Como bien indica José Bonet Navarro, la incorporación de las nuevas tecnologías ya es una realidad –tímida si se quiere, pero real– en el proceso, su desarrollo permite prever un futuro en el que puede alcanzar tan significativo protagonismo que llegue a influir poderosamente en algunas instituciones fundamentales del derecho procesal[1].  La cuestión es que la pandemia mundial parece haber acelerado las cosas respecto de algunas tecnologías (particularmente en las audiencias telemáticas), pero aún es tiempo para reflexionar en torno a otros avances que tendrán incidencia en el Proceso, y en tal sentido, coincidimos con Jordi Nieva en que es imprescindible cuidar muy bien la contratación de los técnicos que elaboren el algoritmo,… disponer de un organismo que cuide el control del funcionamiento de los algoritmos judiciales, debiendo vigilar los juristas que el funcionamiento de las aplicaciones sea el correcto y se corresponda con los valores del ordenamiento jurídico imperante[2].

Uno de los temas sobre los que debemos reflexionar, es si en un mañana ya no tan lejano, ¿podremos ser juzgados por una inteligencia artificial o si aquello vulneraría nuestro derecho a un debido proceso?  Es una reflexión seria y preocupante, sobre todo considerando que, en determinadas cuestiones de carácter administrativo, se ha empezado a aplicar la inteligencia artificial para la aplicación de multas (al menos en el entorno europeo ya el Reglamento General de Protección de Datos Europeo 2016/679 establece en sus preceptos el derecho a oponerse a una decisión automatizada).

En tal sentido, debemos sopesar que los “jueces humanos” fallan “desde el estómago”, en donde, según sea cómo éstos hayan desayunado, serán más o menos benevolentes en sus resoluciones; otro tanto ocurre cuando estos “jueces humanos” pasan de largo o realizan una pausa para almorzar[3].  En este sentido, pareciera ser entonces que el reemplazo de nuestros “jueces humanos” por una inteligencia artificial nos encaminaría hacia la obtención de resoluciones más imparciales, pues los algoritmos del “juez artificial” pueden ser más precisos y exactos al aplicar normas a casos concretos.

Pero ¿es lo mismo juzgar que aplicar?  Tal vez, la clave para inclinarnos hacia una u otra dirección esté en la “empatía”, aquella capacidad de ponerse en el lugar del otro, de sentir lo que el otro, para identificarse con él.  Una máquina nunca podrá tener empatía, la podemos programar para que aplique determinados comandos a fin de que, según sean los rasgos de la persona que se presente ante ella, actúe con más benevolencia o más severidad, pero empática jamás, porque aquello es una capacidad propia del ser humano.

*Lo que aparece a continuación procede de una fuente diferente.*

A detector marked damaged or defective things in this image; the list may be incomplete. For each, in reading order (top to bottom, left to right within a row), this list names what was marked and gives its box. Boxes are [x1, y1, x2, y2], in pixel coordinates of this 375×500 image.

Es bueno detenernos un momento a reflexionar sobre aquello, antes que sea demasiado tarde, ya que, como indica el título de estas líneas, la inteligencia artificial ya está entre nosotros, y llegó para quedarse.


[1] Magíster en Derecho Procesal por la Universidad Nacional de Rosario (Argentina); Becario por la Fundación Serra Domínguez para el I Curso de Profundización en Derecho Procesal dictado en conjunto por el Instituto Iberoamericano de Derecho Procesal y la Universitat Pompeu Fabra (Barcelona, España, 2018); Premio (VIII versión) Instituto Vasco de Derecho Procesal (San Sebastián, País Vasco, 2018); Finalista de los Premios Gabilex (Castilla, La Mancha, 2020); Abogado, Licenciado en Ciencias Jurídicas por la Universidad Arturo Prat, Iquique (Chile), Árbitro, Especialista en Litigios de Alta Complejidad, y Fundador de ACTA (Centro de Arbitraje y Compliance de Tarapacá). Correo electrónico luispriosm@gmail.com. Sitio web http,//luispatricio-riosmunoz.webnode.cl.

[2] BONET NAVARRO, José, “Algunas consideraciones acerca del poder configurador de la Inteligencia Artificial sobre el Proceso”, en Debates contemporáneos del Proceso en un mundo que se transforma, ISBN 978-958-8943-60-2, Universidad Católica Luis Amigó, Medellín, 2020, p. 96.

[3] NIEVA FENOLL, Jordi, Inteligencia artificial y proceso judicial, Marcial Pons, Madrid, 2018, pp. 122 y 123.

[4] Puede verse al respecto, MAYER, Emeran, Pensar con el estómago, Grijalbo, Barcelona, 2017, passim.